**Aim of the task**
Please transcribe exactly the line that holds "Kartoffelsuppe mit buntem Gemüse" and all lines that follow it to the end of the records below, omitting any pictures.

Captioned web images
◆ ◆ ◆ ◆ ◆

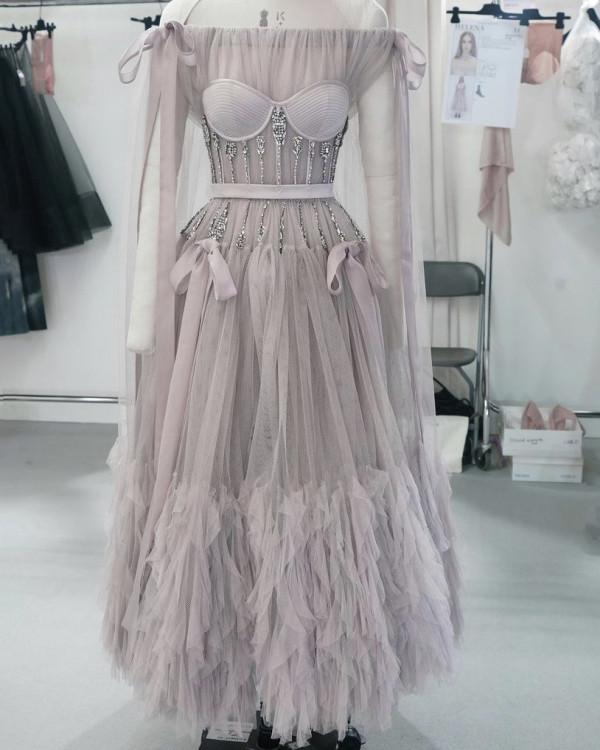 Платье невесты: трендовые цвета 2022 года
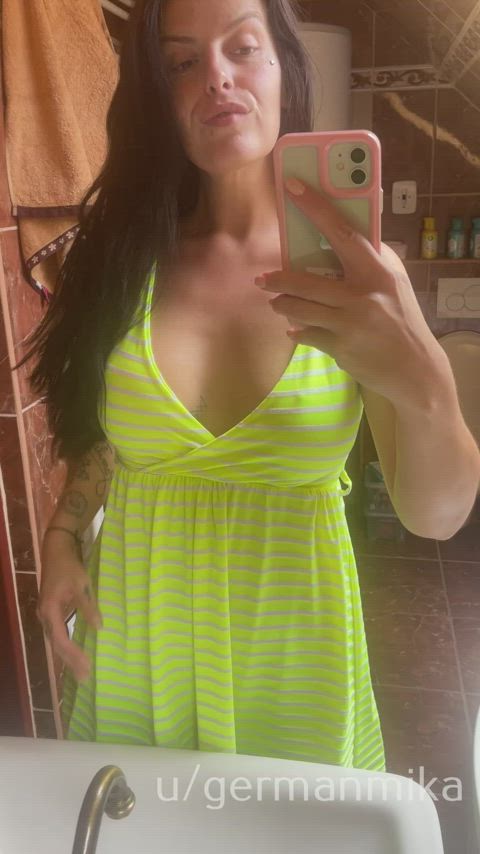 Mom trying to stay as hot as possible : video clip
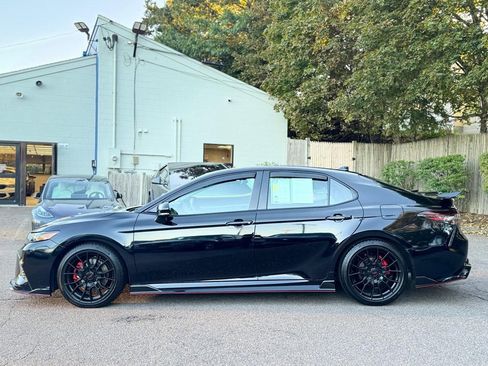 Used 2024 Toyota Camry image 3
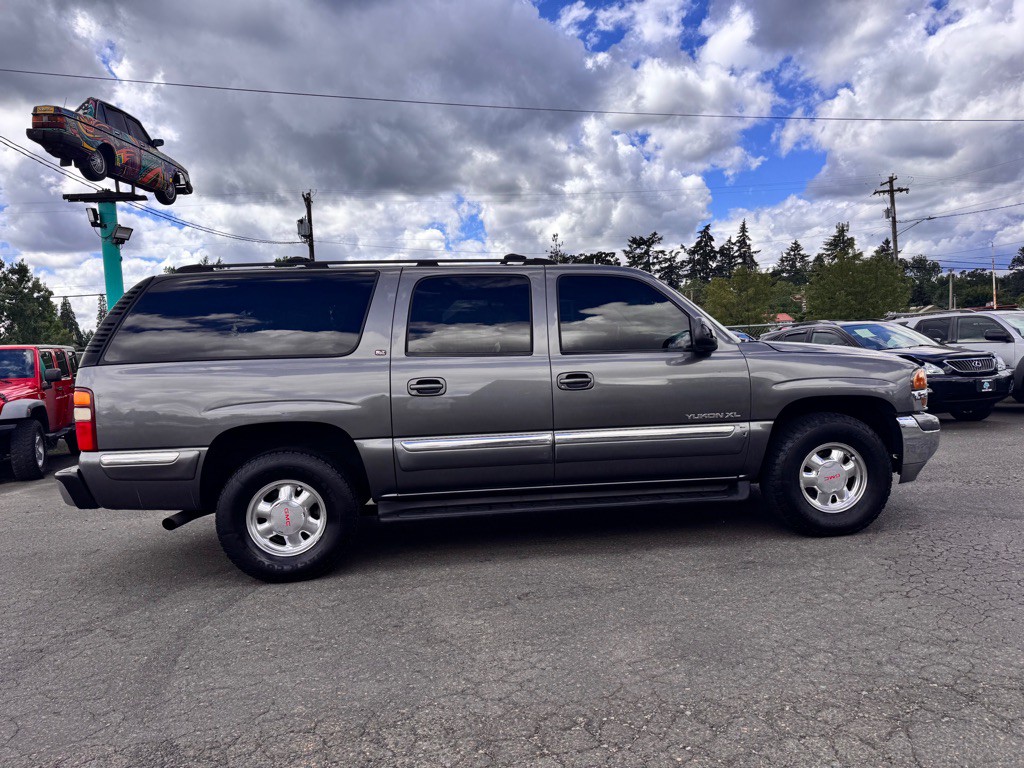 2002 GMC Yukon Image 6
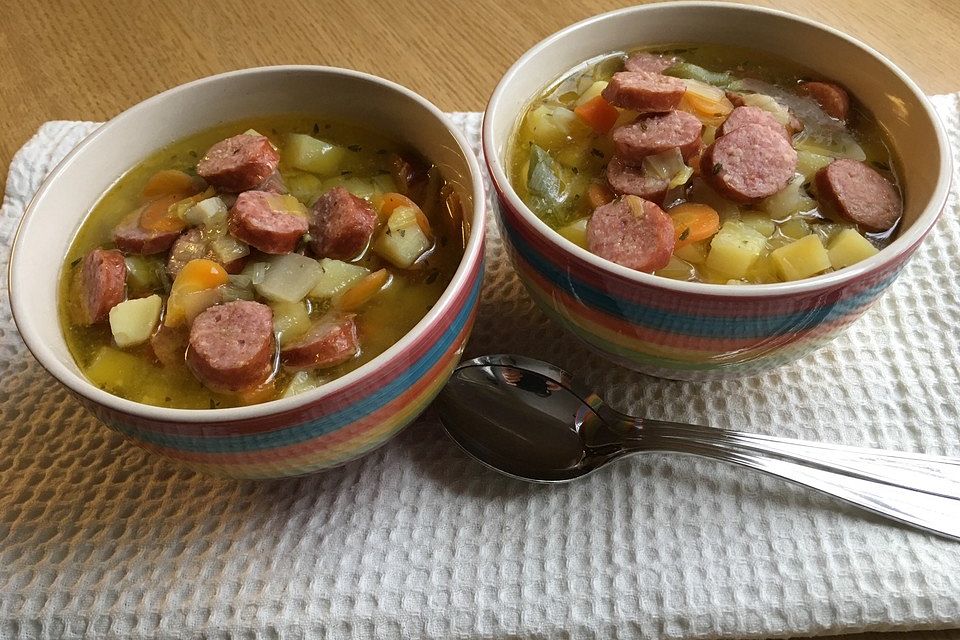 Kartoffelsuppe mit buntem Gemüse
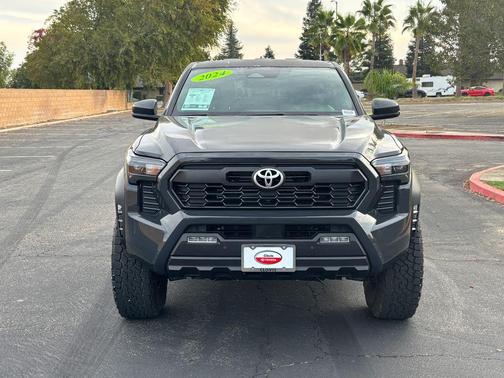 2024 Toyota Tacoma TRD Off Road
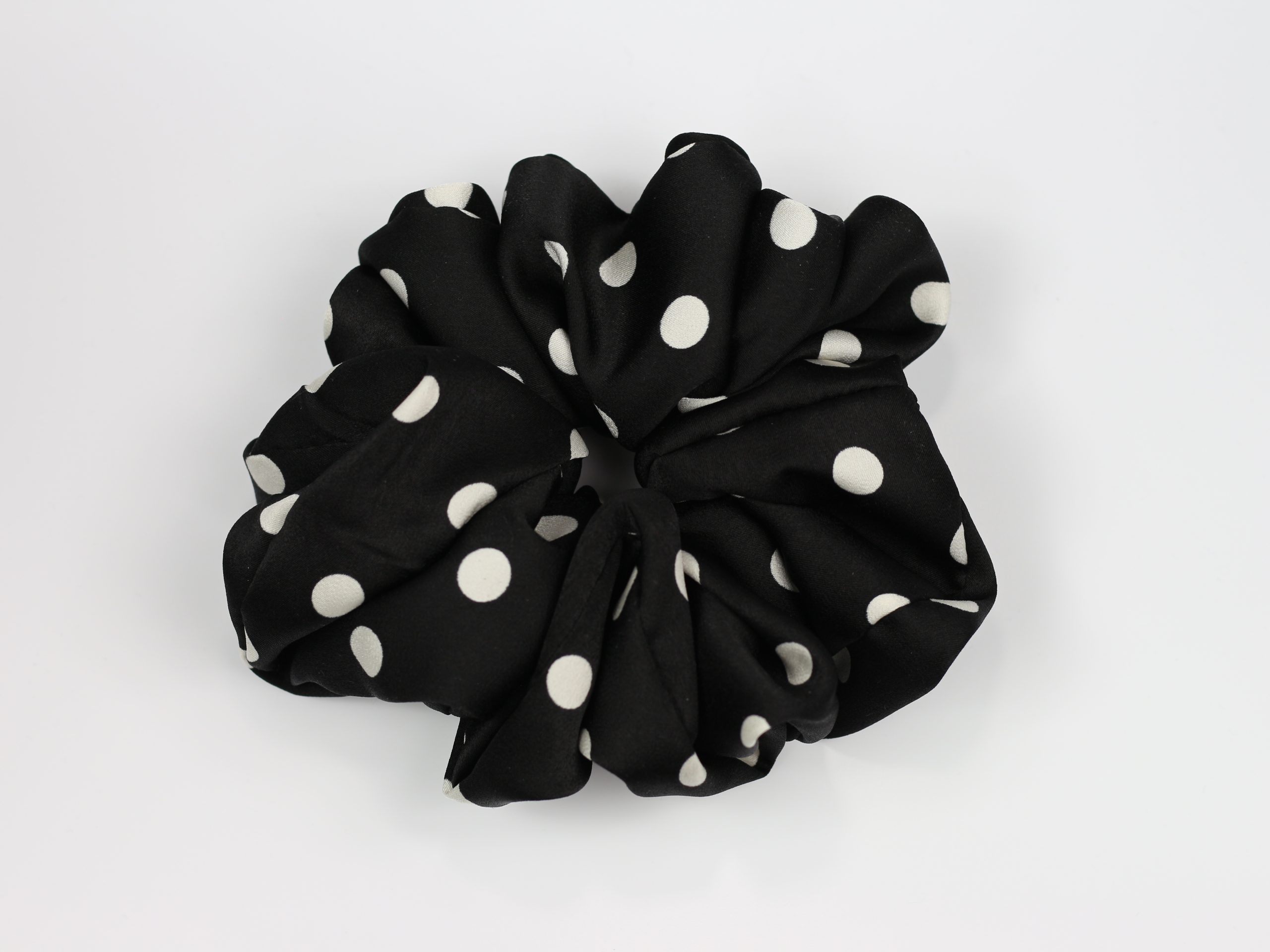 Scrunchie ULTRA - czarna w grochy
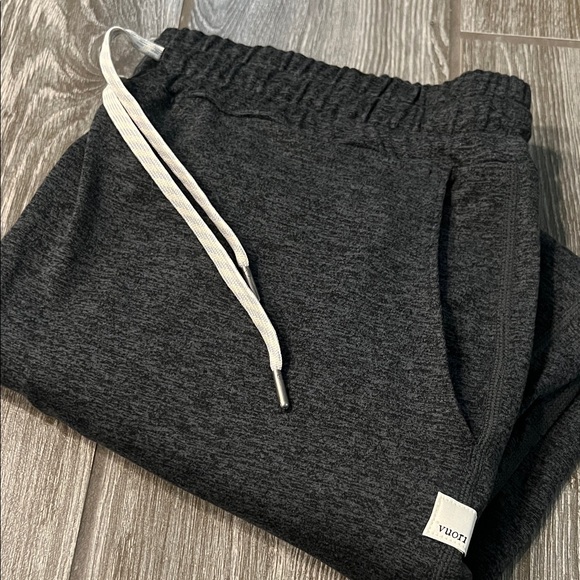 Vuori Womens Joggers - Picture 4 of 4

◆ ◆ ◆ ◆ ◆

**Answer space**
 Kartoffelsuppe mit buntem Gemüse
 2024 Toyota Tacoma TRD Off Road
 Scrunchie ULTRA - czarna w grochy
 Vuori Womens Joggers - Picture 4 of 4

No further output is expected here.